Space – For first time, Kepler space telescope records initial phase of supernova explosion, Science News
Researchers for the first time have successfully observed a supernova in its initial phase while trawling through data from Nasa’s Kepler space telescope.
The telescope had recorded the event in 2017 as astrophysicists noted the light burst from a supernova as the star exploded.
The study was published in monthly notices of the royal astronomical society. The Kepler space telescope which recorded the celestial event is no longer in use. It reportedly took photos of the same part of the sky for 40 days at a stretch while almost accidentally recording the remarkable phenomena.
The light from the supernova takes several weeks even months to fade. The phenomena has been recorded through ancient times.
The NASA telescope took pictures every half an hour allowing it to accurately take unique photos as the historic event unfolded without anyone noticing. The early explosion can be recorded only for a few days.

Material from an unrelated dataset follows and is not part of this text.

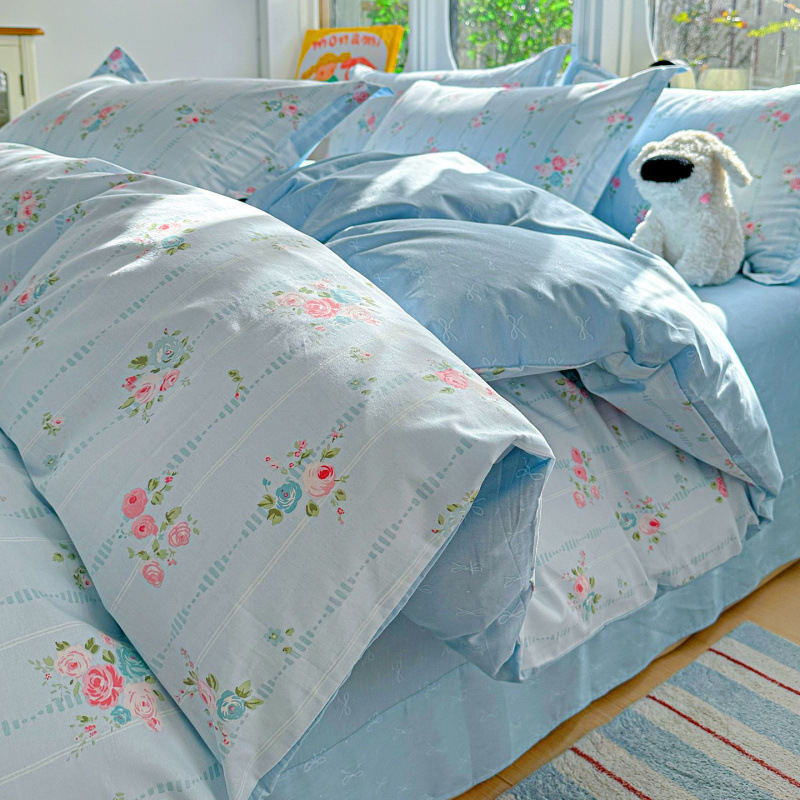 ins caricatura para niños algodón cama de cuatro piezas set 100 sábanas de flor de algodón sábanas
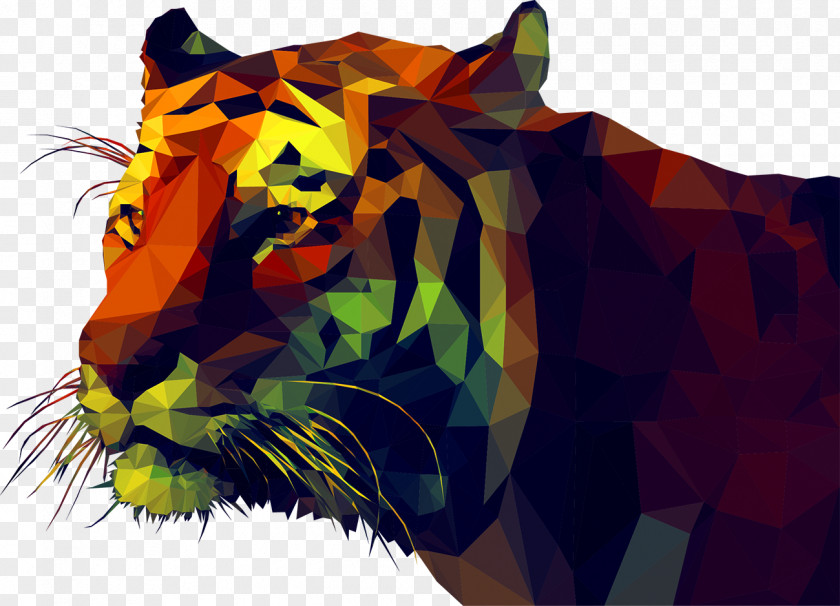 Geometry Tiger Polygon Illustration PNG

The supernova was recorded in real-time helping scientists to record the evolution of stars. Astromers say they now have a somewhat clearer picture of how stars collapse then earlier.
The supernova recorded by the Kepler telescope was a billion light-years away from the Earth.
The star was reportedly hundred times the size of the Sun.
The shock cooling light curve allows scientists to measure the light emitted by supernova over a period of time and it also gives information on its composition.
Reports say NASA’s Transiting Exoplanet Survey Satellite (TESS) is likely to record more supernovae explosions as they occur.